REQUIRED WORK
Lower down are entries containing pictures. Copy exactly, without those pictures, the lines from the line with "Classical CD Lot" through the line with "Horror Skulls en".

RECORDS PROVIDED
====

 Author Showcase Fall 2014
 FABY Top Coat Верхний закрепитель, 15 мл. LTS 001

====

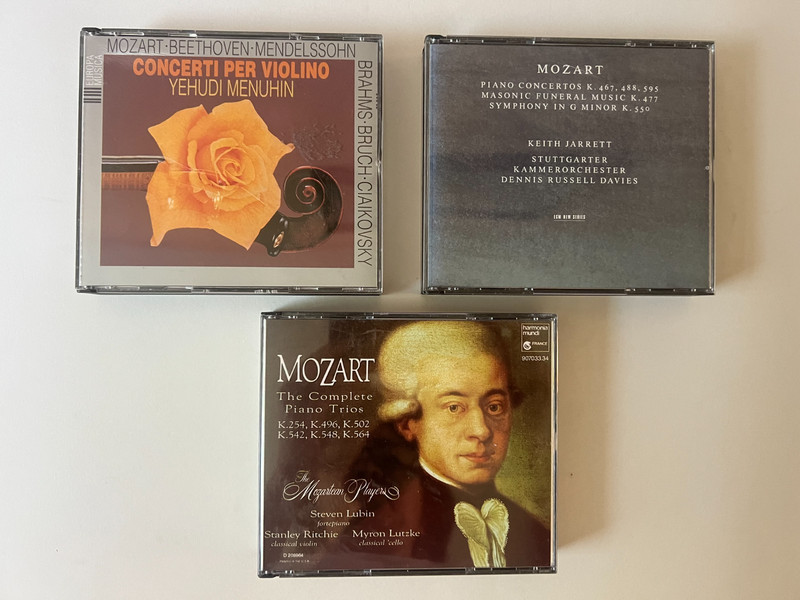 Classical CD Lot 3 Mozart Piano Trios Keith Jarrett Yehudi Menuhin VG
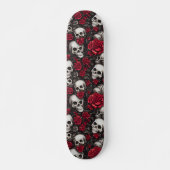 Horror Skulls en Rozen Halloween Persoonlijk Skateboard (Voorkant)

====

EXERCISE SOLUTION
 Classical CD Lot 3 Mozart Piano Trios Keith Jarrett Yehudi Menuhin VG
 Horror Skulls en Rozen Halloween Persoonlijk Skateboard (Voorkant)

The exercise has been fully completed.